AIM OF THE TASK ->
Find "Бесплатное векторное изображение" in the material below, then write out that line and every line after it exactly, ending with the last one; skip the pictures.

SOURCE DATA ->
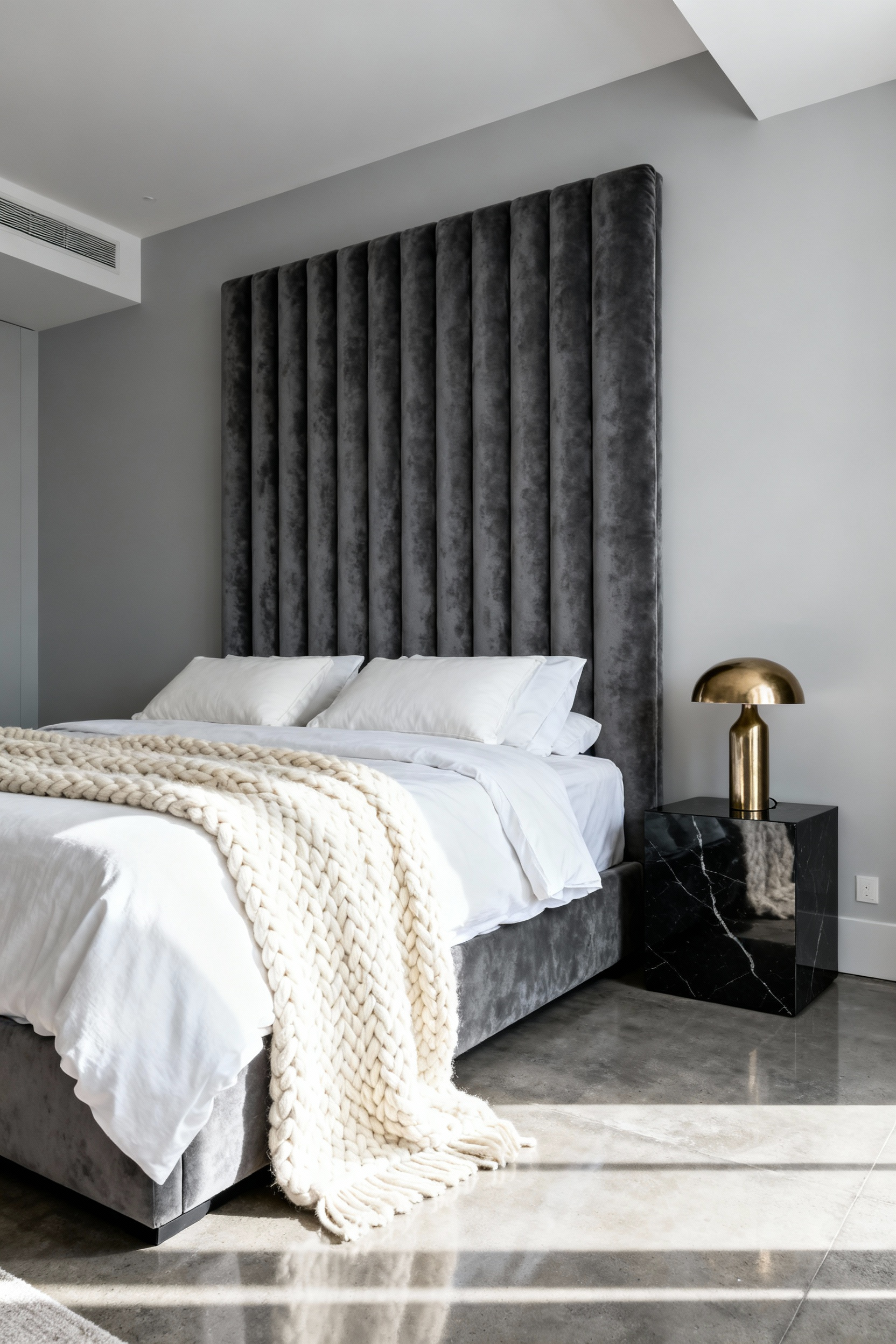 A small, luxurious bedroom featuring a dominant, extra-tall sculptural charcoal velvet headboard that acts as the primary focal point, demonstrating intentional curation over accumulation.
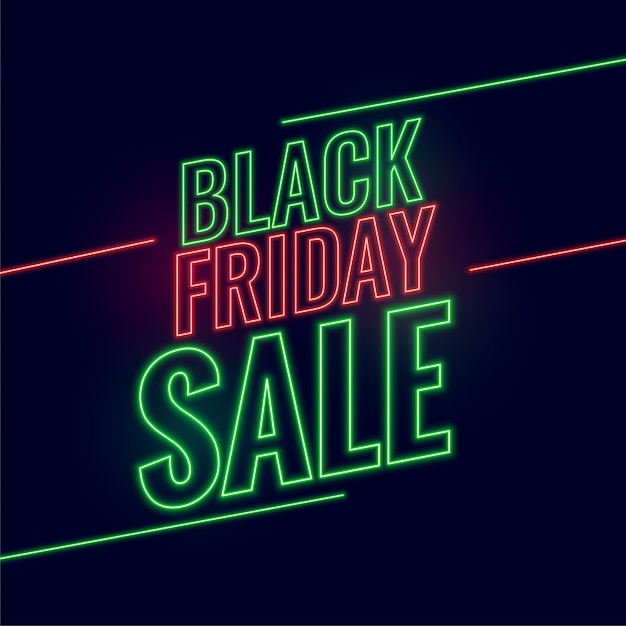 Бесплатное векторное изображение Неоновый стиль черная пятница светящийся продажа фон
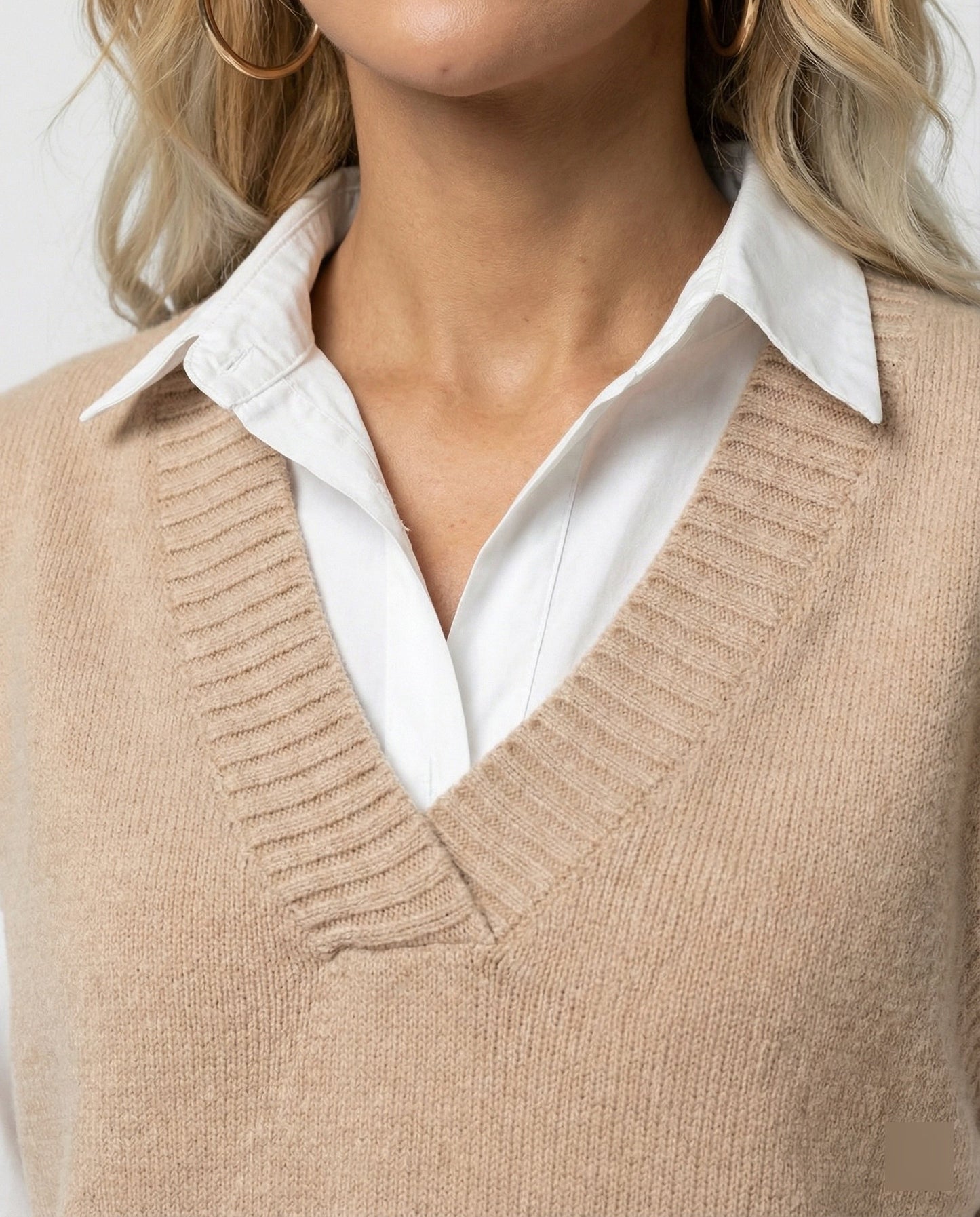 Damen Strickweste V-Ausschnitt Rippmuster Modern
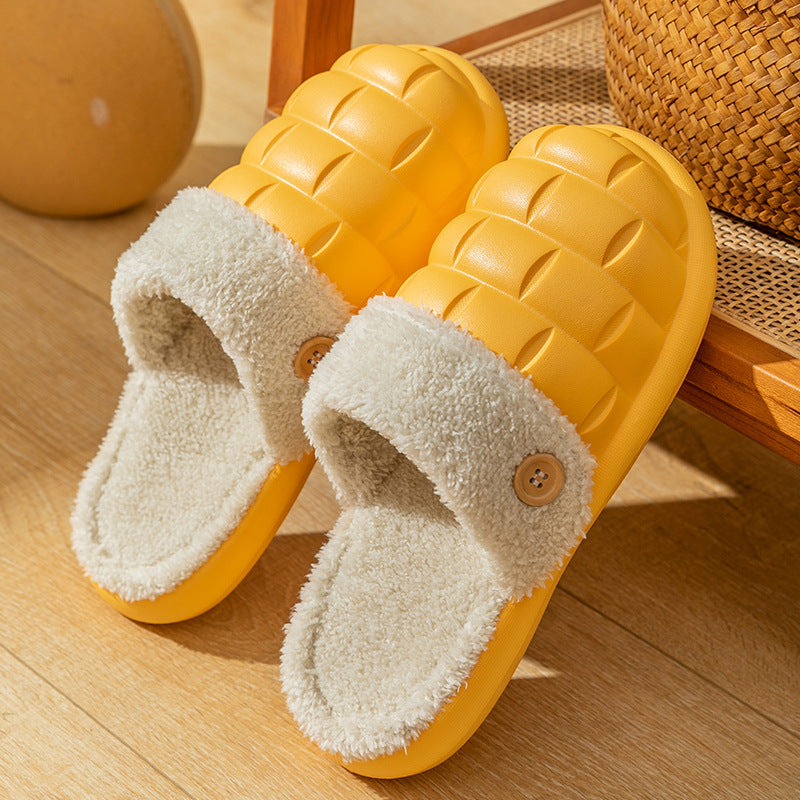 H&F Plaid Plush Slippers c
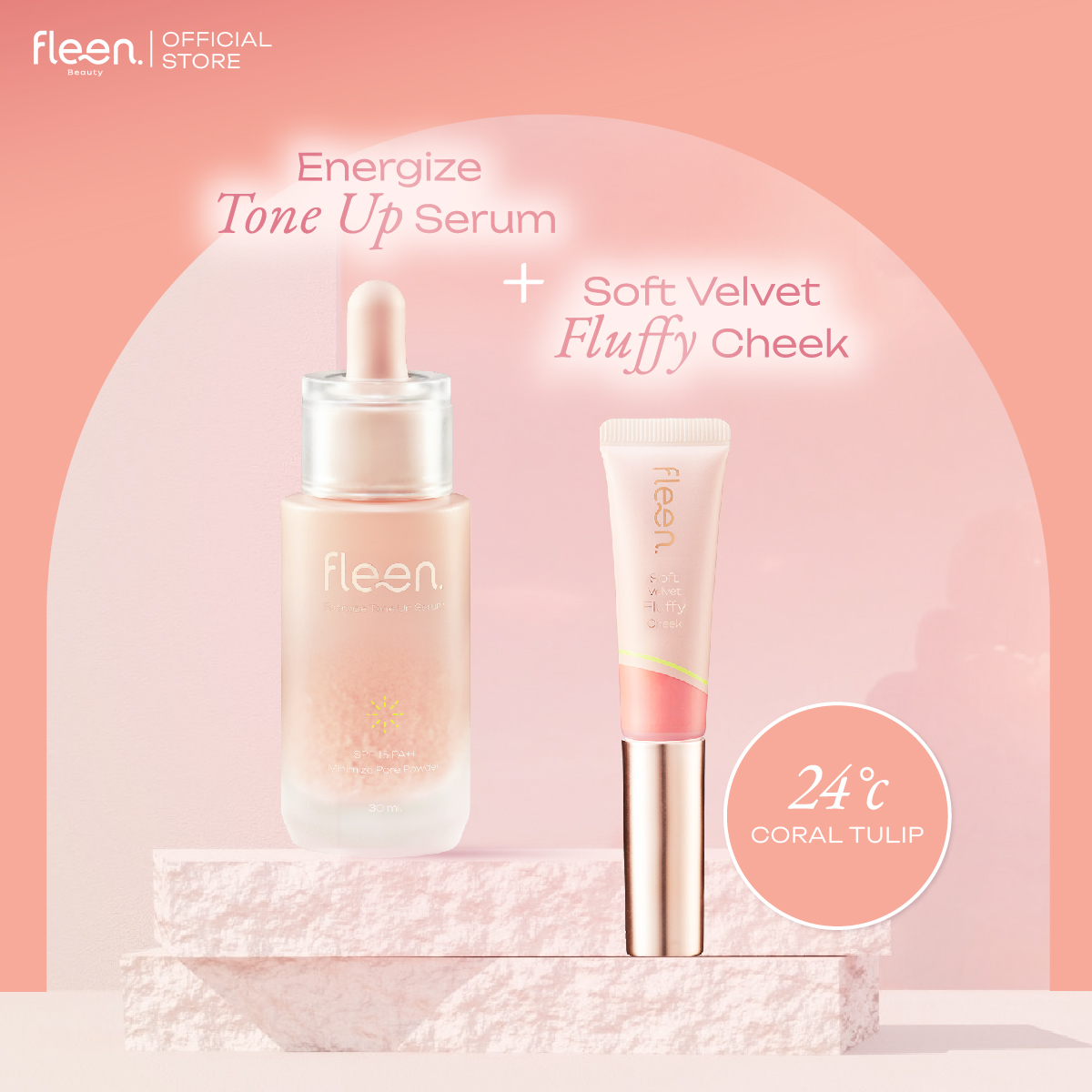 Energize Tone Up Serum + Soft Velvet Fluffy Cheek | โทนอัพเซรั่ม + บลัชออน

YOUR RESPONSE ->
 Бесплатное векторное изображение Неоновый стиль черная пятница светящийся продажа фон
 Damen Strickweste V-Ausschnitt Rippmuster Modern
 H&F Plaid Plush Slippers c
 Energize Tone Up Serum + Soft Velvet Fluffy Cheek | โทนอัพเซรั่ม + บลัชออน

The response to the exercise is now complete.